J.P. Morgan's plans to open hundreds of branches in as many as 20 new markets over five years will spark a war with other big banks it doesn't plan on losing, according to Morgan Stanley.
On the contrary, J.P. Morgan's venture to open new locations in some of the country's largest cities almost certainly means rival large-cap banks already established there will lose out, according to banking analyst Betsy Graseck. She reiterated her overweight rating and increased her price target on J.P. Morgan, which is Morgan Stanley's top stock pick among the large banks.
"We expect more competition among the top five [banks] in deposit share in each market that J.P. Morgan enters," wrote Graseck on Wednesday. "Who is most at risk in these markets? Incumbent banks that are most exposed to the areas J.P. Morgan is likely to enter include Bank of America (in 16 of 20 likely new markets) and Wells Fargo (in 13 of 20)."
Source: Morgan Stanley
Shares of J.P. Morgan rose modestly to $115.19 on Wednesday.

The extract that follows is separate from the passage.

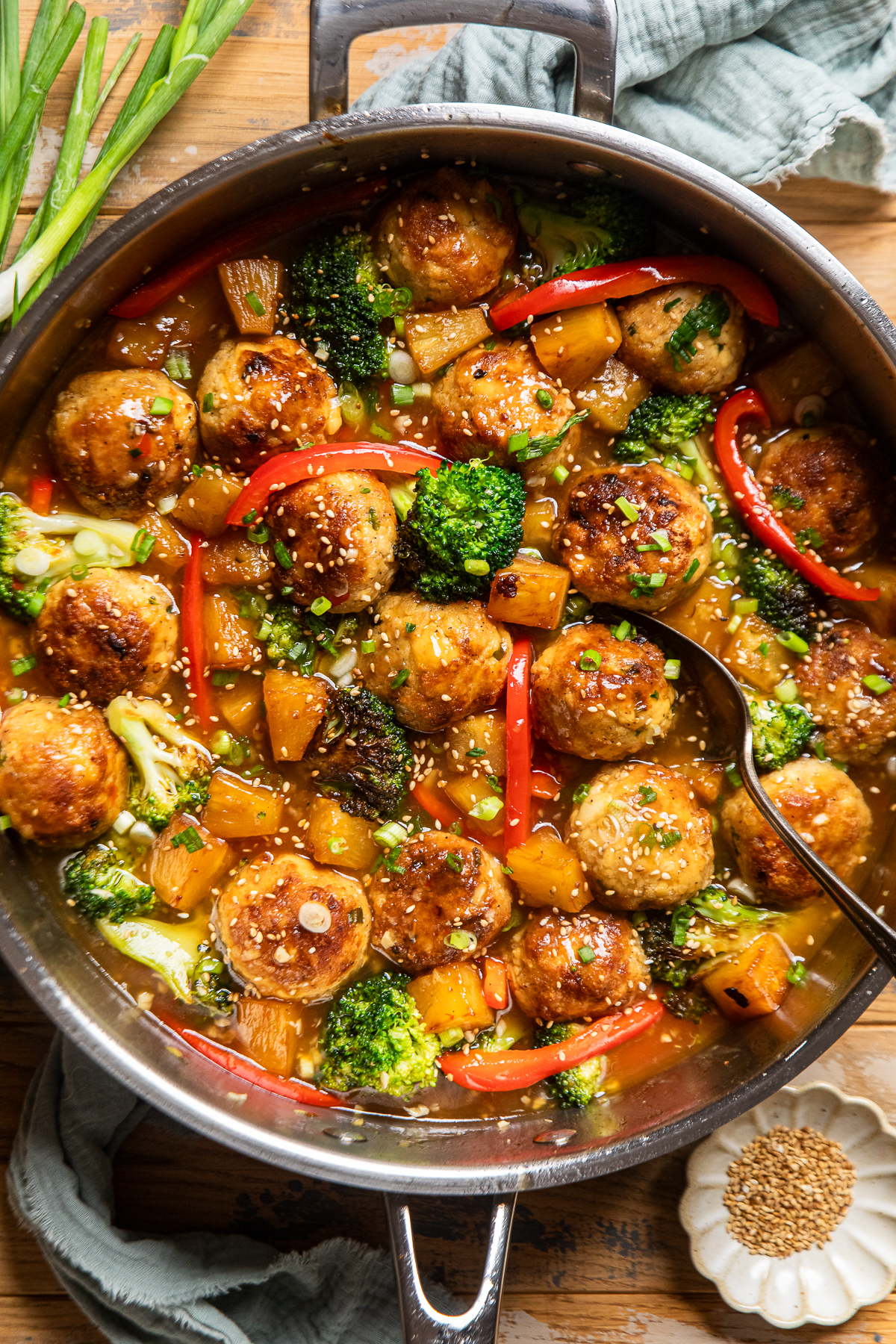 a stainless steel skillet with tofu meatballs, red pepper slices, broccoli, and pineapple in a sweet chili sauce.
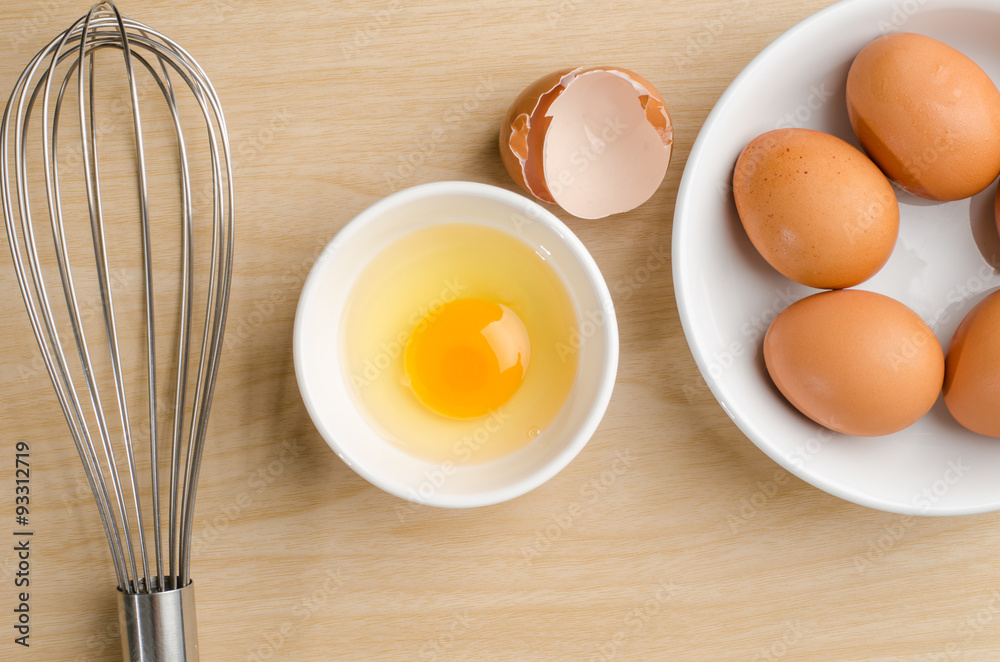 Fresh egg yolk in the bowl on wooden background,food ingredient Fresh egg yolk in the bowl on wooden background,food ingredient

In January, CEO Jamie Dimon told investors that a "healthy, strong company allows us to make these long-term sustainable investments," citing tax breaks, reduced regulation and a better business climate. The company also announced that wages of roughly 22,000 workers will be increased to between $15 and $18 an hour in more than 100 cities.
Graseck increased her price target on Dimon's company to $136 from $133, implying 18 percent upside over the next 12 months from Wednesday's close. She also raised her 2019 and 2022 earnings per share expectations by 1 percent and 2 percent, respectively.
Analysts speculate that the expansion – which is expected to employ roughly 3,000 people – could include new locations in Boston, Philadelphia and Minneapolis, where Bank of America opened its first branch two years ago.
Source: Morgan Stanley
But while Bank of America could see a hit to deposits, Wells Fargo may be even more vulnerable if history is any guide; Graseck estimates that one-third of J.P. Morgan's deposit share gains will come at the expense of Wells Fargo because 60 percent of J.P. Morgan's target markets are already home to Wells.
San Francisco-based Wells Fargo already is grappling with Federal Reserve restrictions on its growth that were put in place this year until it rectifies its sales practices and board oversight following its fake account scandal and other revelations of improper sales.
Charles Wendel of Financial Institutions Consulting says J.P. Morgan will likely leech off Wells Fargo's weak position and other less-well-equipped community banks.
"They're going to feed off of something else. For the moment, Wells is in a no-growth position," he said. J.P. Morgan is in "a very strong financial position and they're taking advantage of that."